Yemeni customs and traditions practiced only during Ramadan
At the start of Ramadan, people begin to decorate and light their homes and buy different kinds of food. Even children insist on fasting though it is difficult for them because of hunger and thirst.
Ali Al-Hawani, a chanter, spoke about Ramadan saying, “Children receive Ramadan with fireworks to show their happiness. They play and chant special religious chants known as Tamasi.”
The Tamasi is different from other chants because only children say it while playing, asking Allah to send money for their fathers.
“This kind of chant is like a prayer to Allah to bring good things for people in Ramadan,” Al-Hawani added.
Meals and other things sold in Ramadan
It is popular in Yemen for people to exchange food between one another during Ramadan.

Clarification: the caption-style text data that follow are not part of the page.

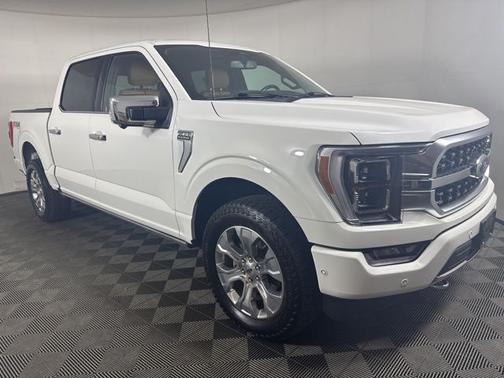 2022 Ford F-150 PLATINUM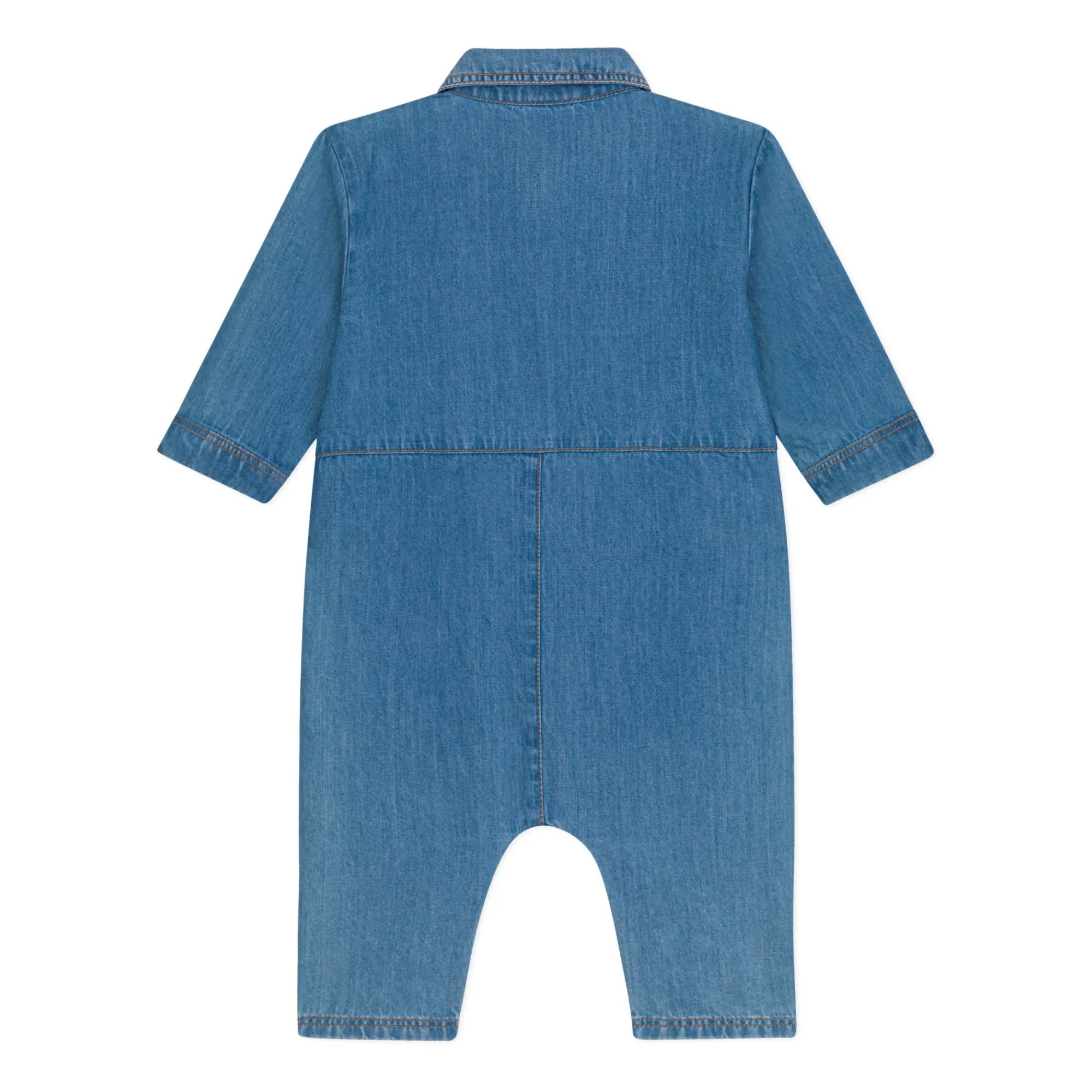 Petit Bateau - Matin Denim Tulum | Kot mavisi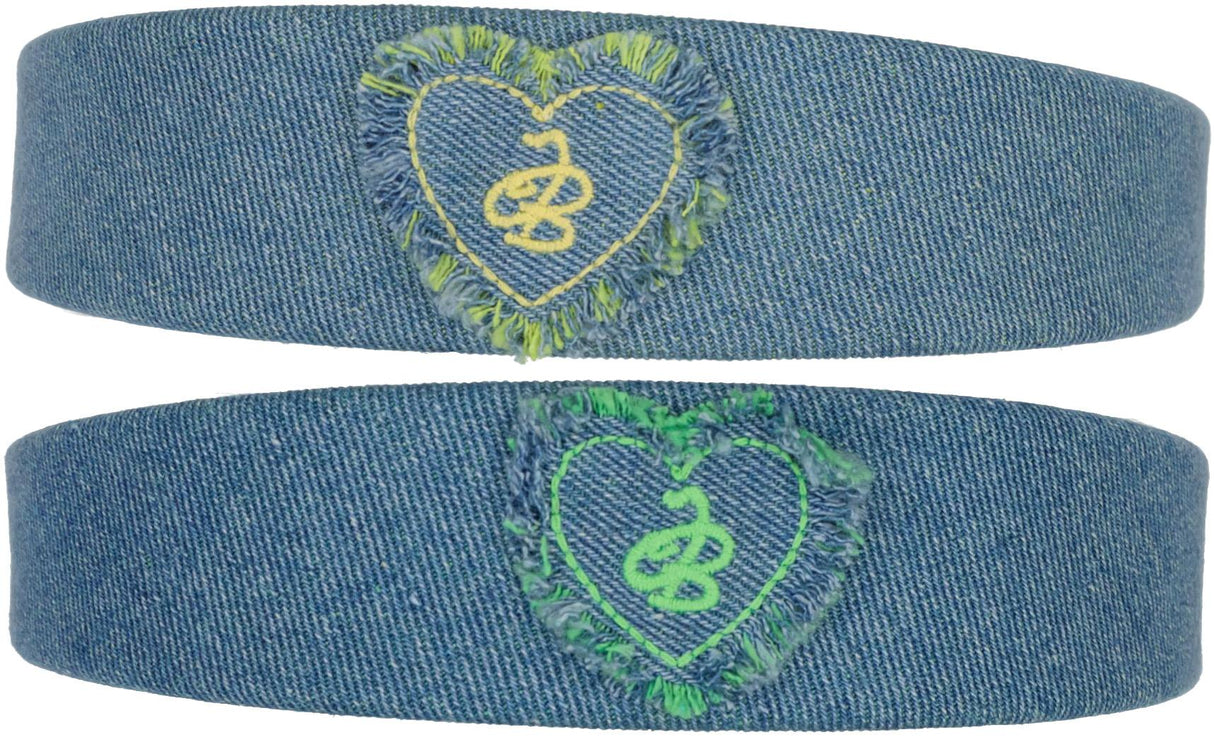 Jelly Bean Girls Heart Headband - JB549 Jelly Bean Girls Heart Headband - JB549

Elham No’man, a housewife, said what distinguishes Ramadan is that people pay more attention to local and homemade desserts, particularly Rawani and Shawbia.

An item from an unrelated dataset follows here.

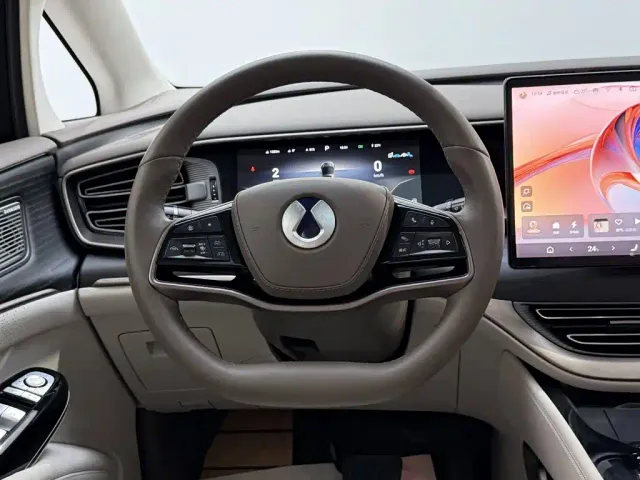 Denza Denza D9 2022 DM-i 970 All-Wheel Drive Honor Edition — Фото автомобиля 14
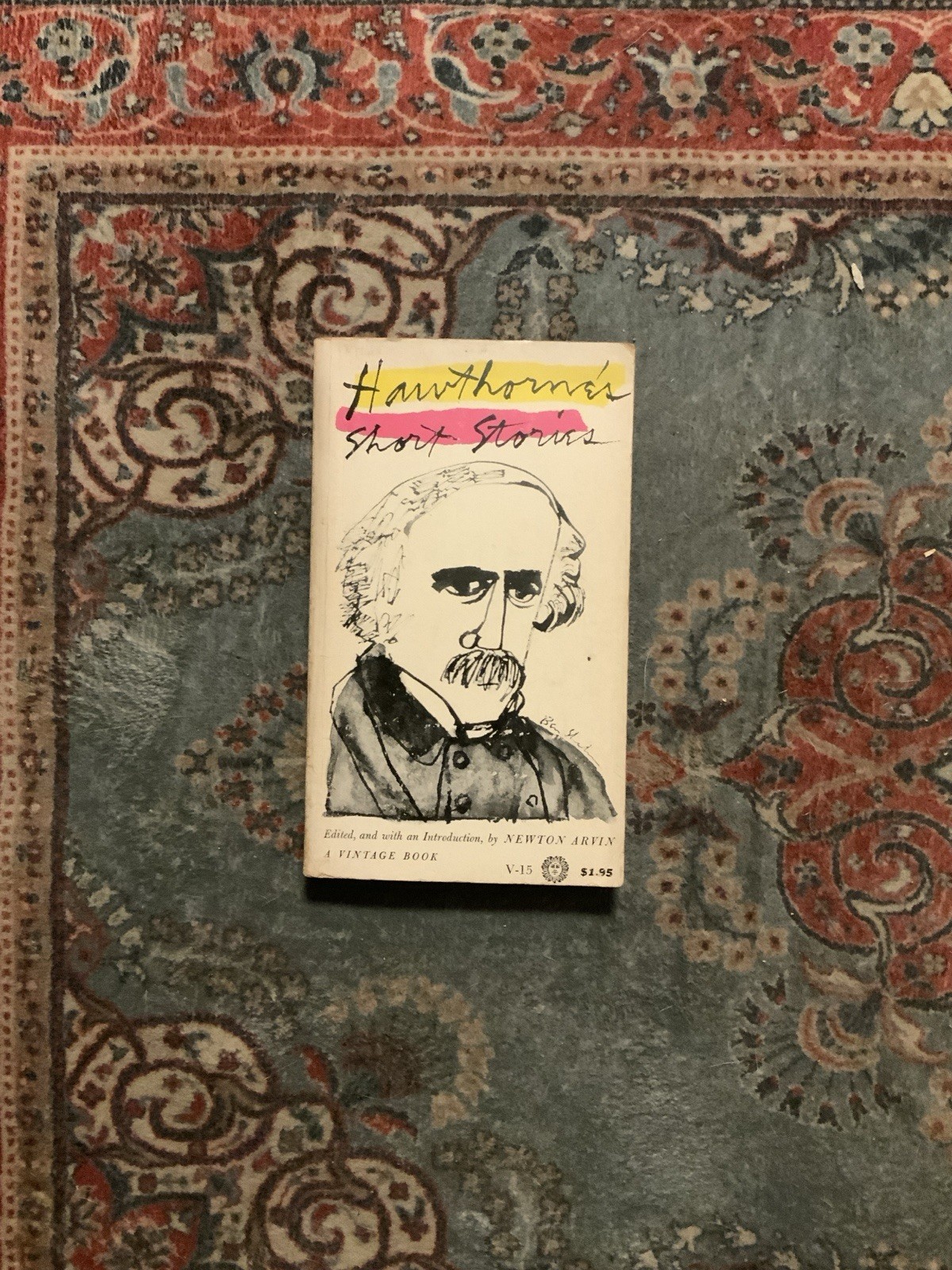 Hawthorne's Short Stories by Nathaniel Hawthorne PB First Thus  Like New 1946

People begin to buy chewing sticks, samosa, dates, and desserts in streets at the beginning of Ramadan. Chewing sticks are very common during Ramadan.
Chewing sticks are taken from the Salvadora persica tree (known as Arak in Arabic). This tree is found in the plains of Saudi Arabia and valleys of the Red Sea area or the Arab Gulf.

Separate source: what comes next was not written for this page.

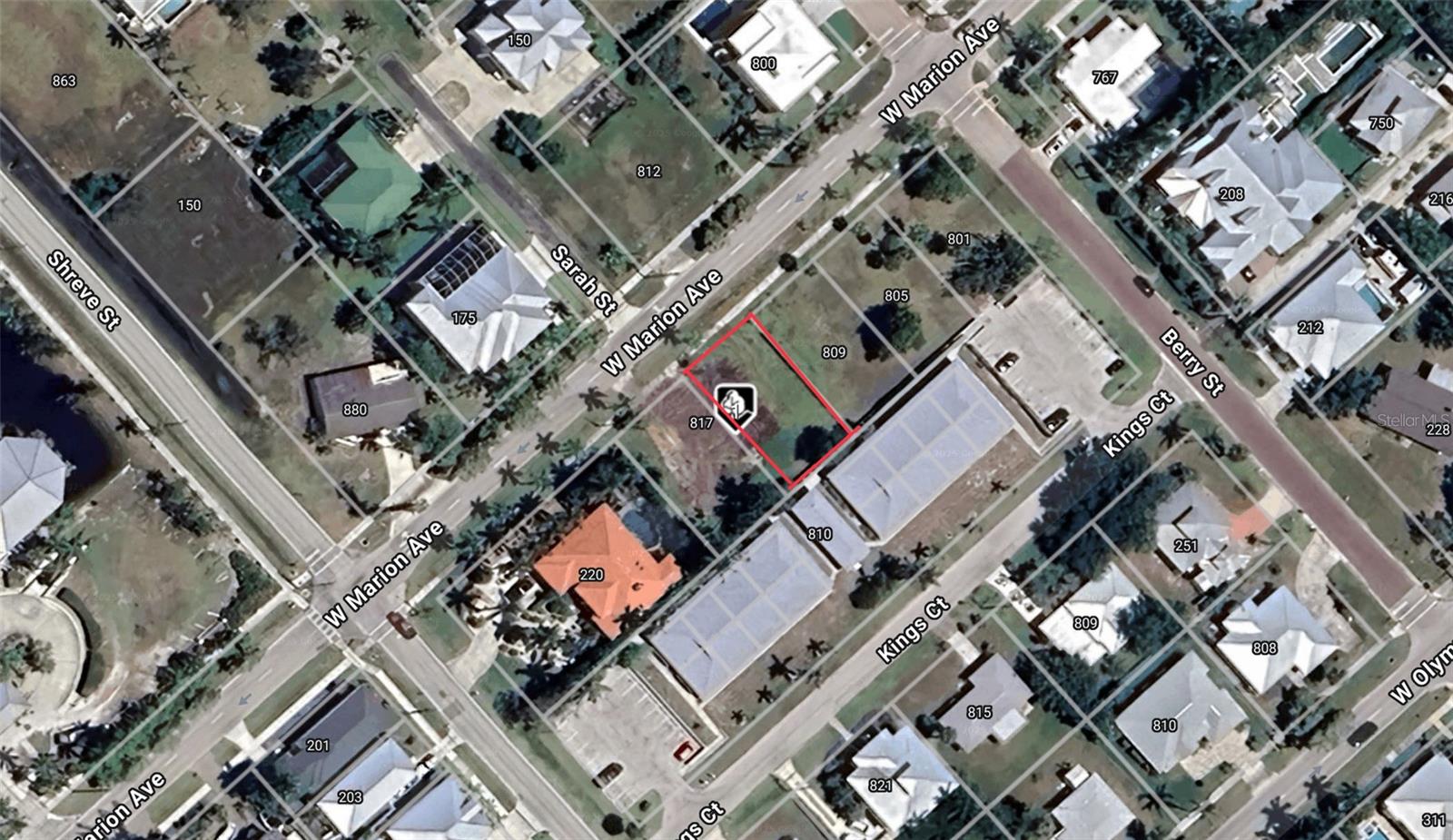 Image 4 of 31 For 817 Marion Avenue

“I’m used to chewing sticks in Ramadan since I was a child. Their smell reminds me of Ramadan,” said Fahd Al-Humaidi.
Ramadan is distinguished by gatherings of the youth. Ra’woof Al-Nasheri, a young Yemeni man, says that, “Unlike other months, we gather during nights in Ramadan to discuss essential topics and sometimes listen to religious chants and poetry.”
“Ramadan is very good to strengthen the role of religious chants. Religious scholars perform these chants and they are popular in Sana’a and Hadramout,” Al-Hawani added.
These chants focus on praising the Prophet Mohammed, strengthening unity, denouncing vice and calling for virtue.
Another custom that distinguishes Ramadan is the firing of the Ramadan cannon. It started in Egypt and then moved to Syria, Lebanon, Jordan, Palestine, the Gulf countries and Yemen.
In previous years, people depended on the firing of the cannon to break the fast.